What this task involves:
Every line from the one holding "LYNAE X REVOLT1285-Edit.jpg" through the one holding "counter for blogspot" in the data below must be returned exactly, both ends included, with pictures left out and nothing else added.

Scraped caption text data:
╔══
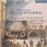Ouvertures 'Leonore I, II et III - Fidelio - Coriolan... '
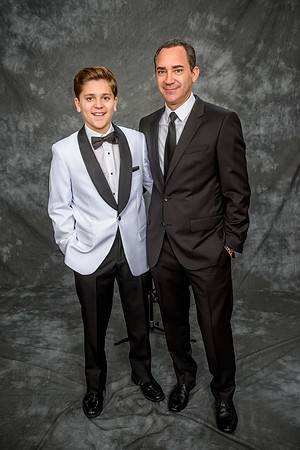 Etkins_0086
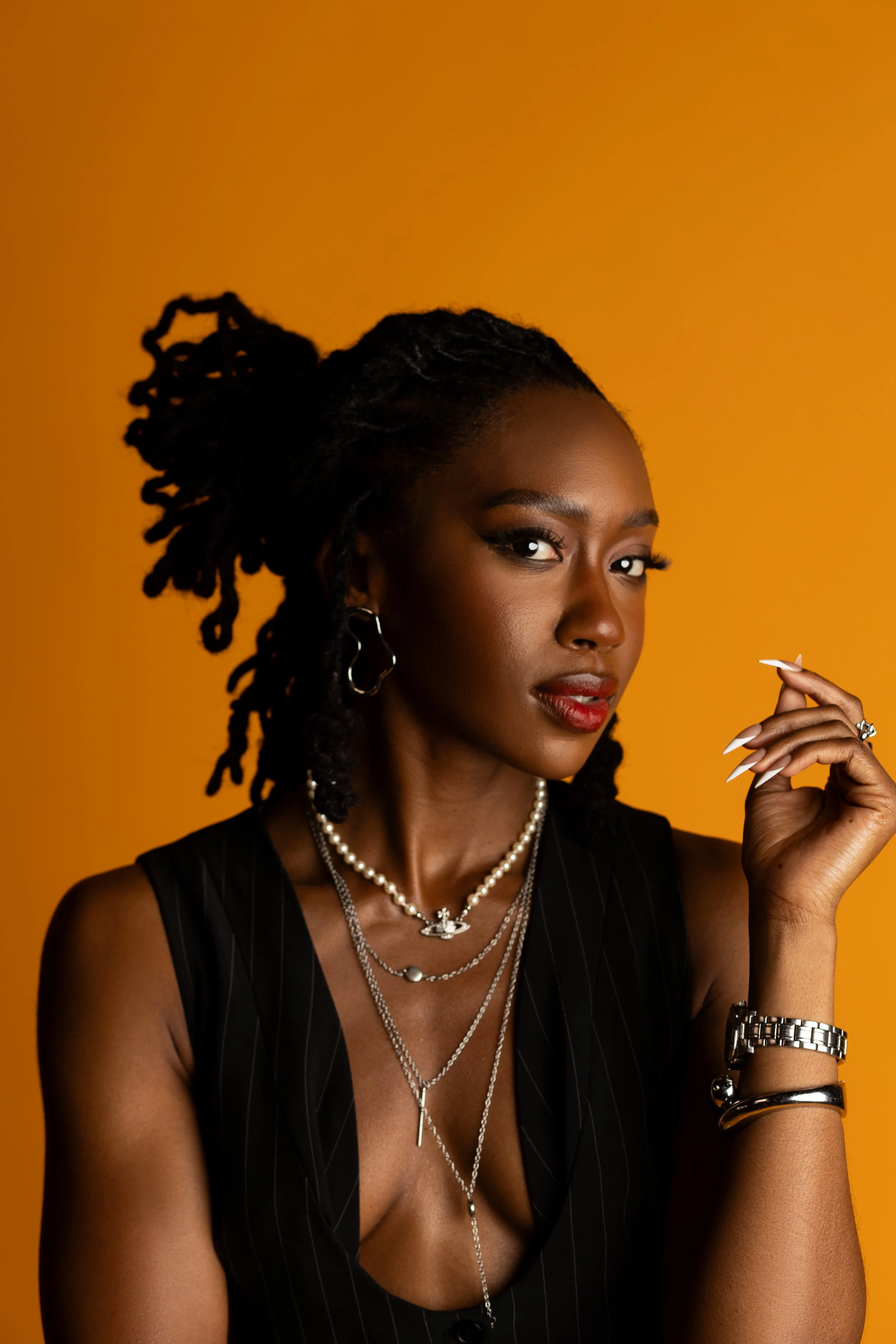 LYNAE X REVOLT1285-Edit.jpg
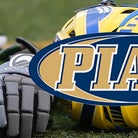 Pennsylvania high school boys lacrosse: PIAA state rankings, daily schedules, statewide stats leaders and scores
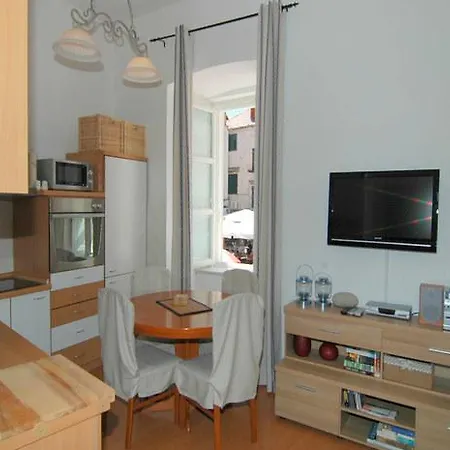 Appartamento Royale Ragusa
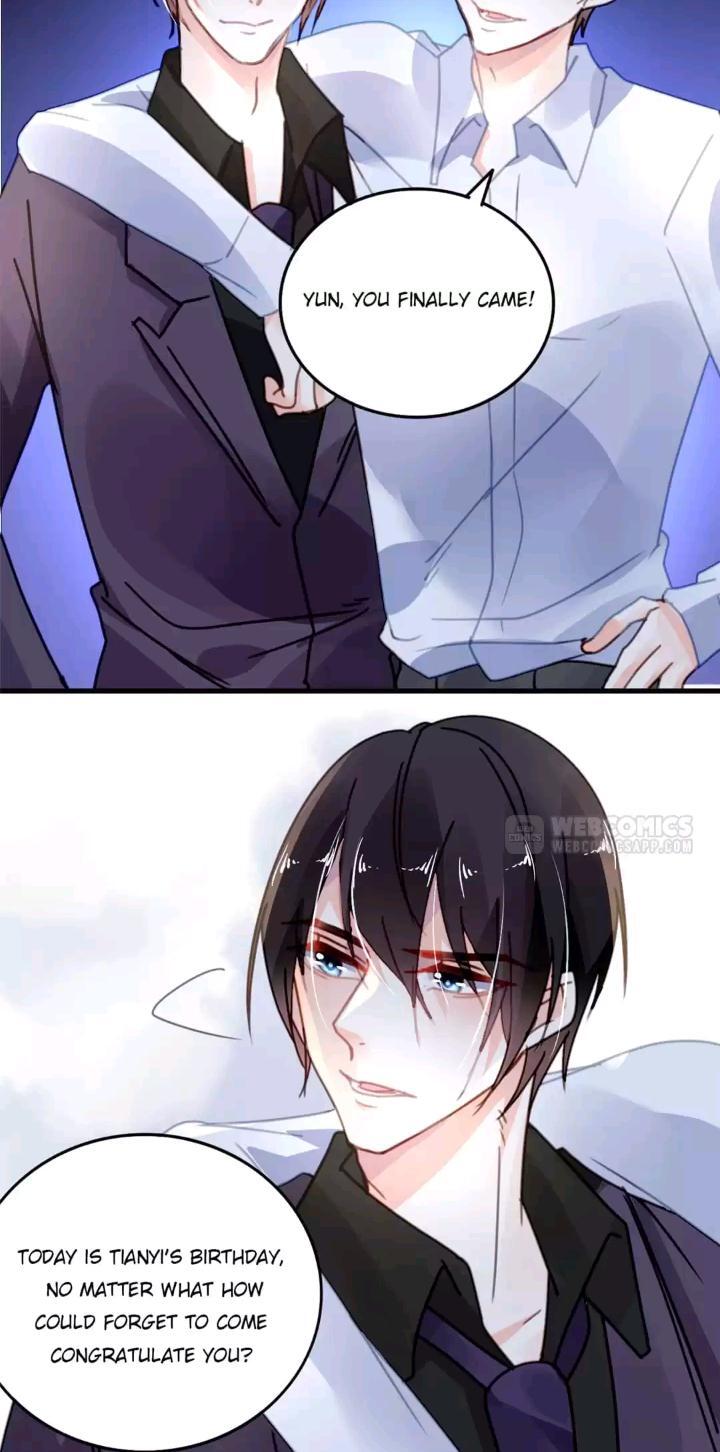 Page 2 of Chapter 25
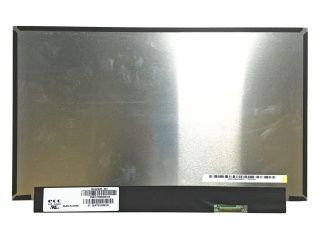 NV140QUM-N61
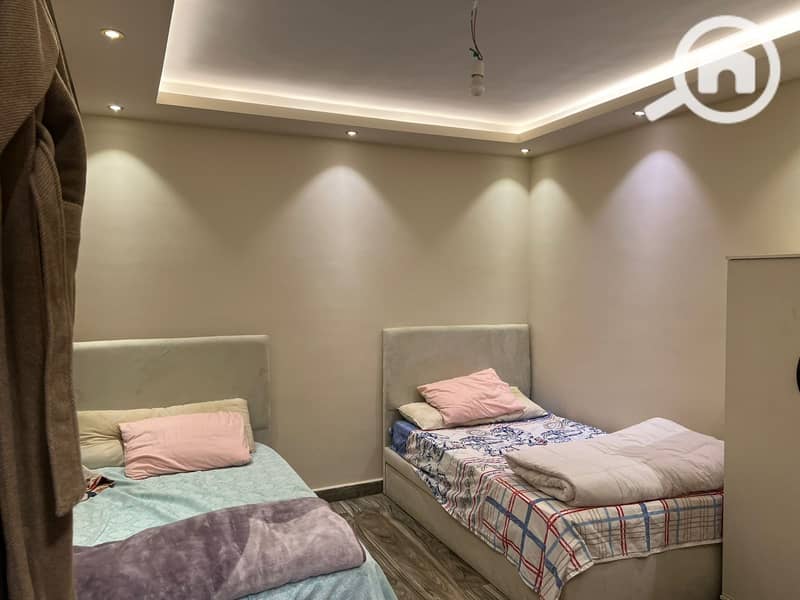 6 WhatsApp Image 2026-01-12 at 5.45. 54 PM (1). jpeg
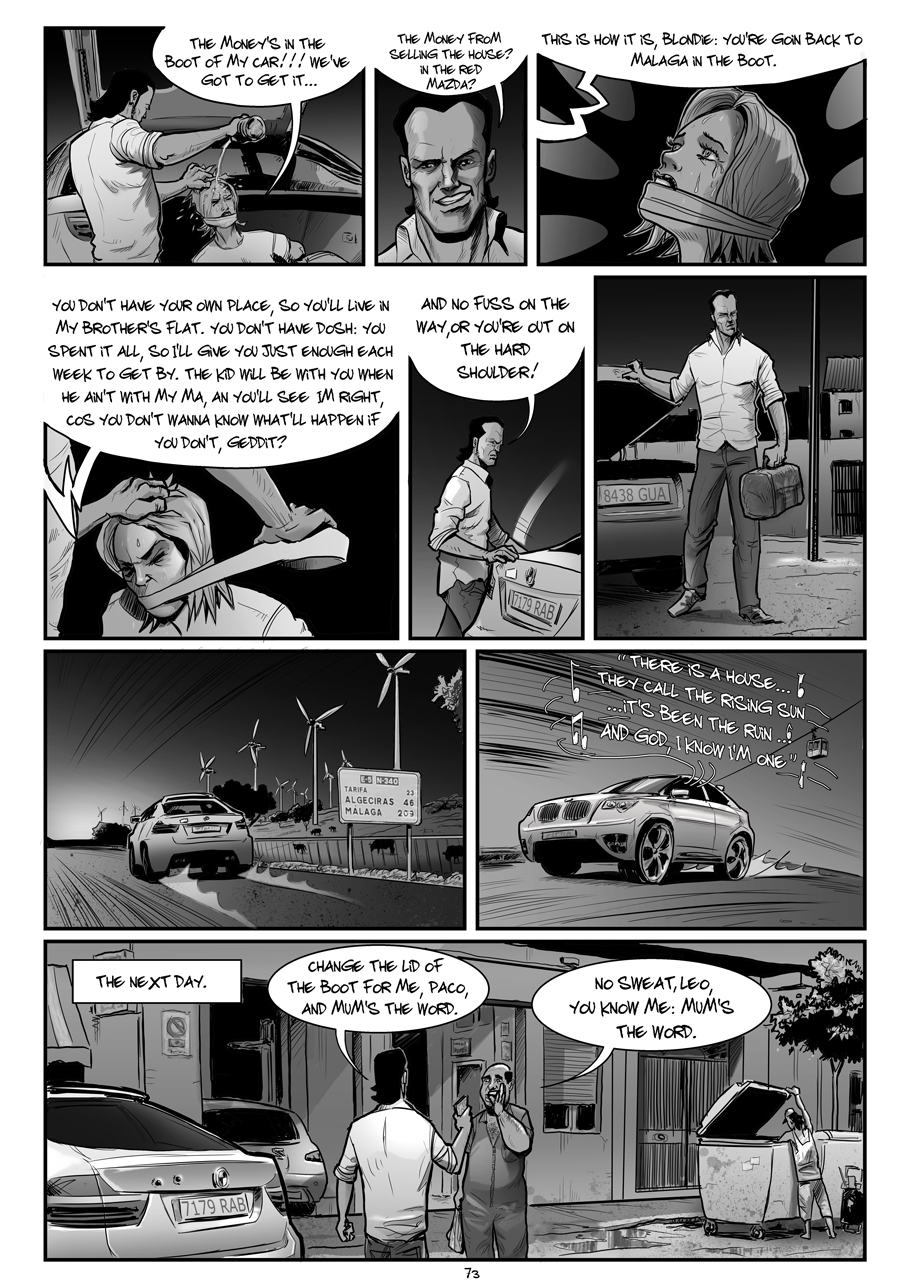 Rage-from-the-South-page73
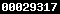 counter for blogspot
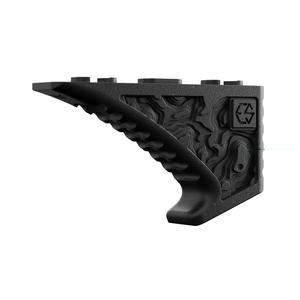 Esd Enhanced Foregrip Black Discount Best Store To Get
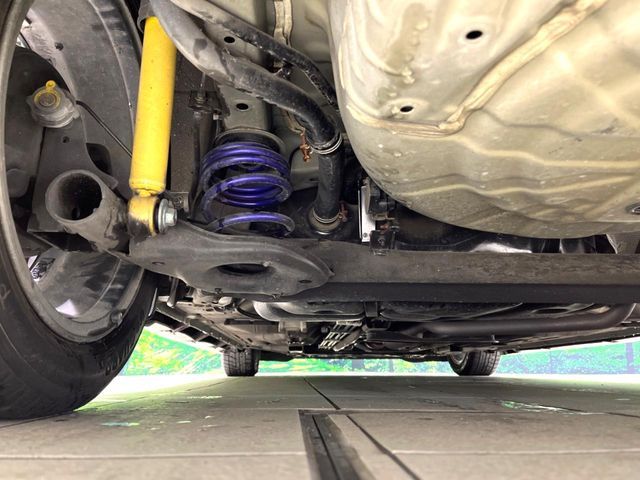 NISSAN NOTE 2015 Image 31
╚══
Your solution:
 LYNAE X REVOLT1285-Edit.jpg
 Pennsylvania high school boys lacrosse: PIAA state rankings, daily schedules, statewide stats leaders and scores
 Appartamento Royale Ragusa
 Page 2 of Chapter 25
 NV140QUM-N61
 6 WhatsApp Image 2026-01-12 at 5.45. 54 PM (1). jpeg
 Rage-from-the-South-page73
 counter for blogspot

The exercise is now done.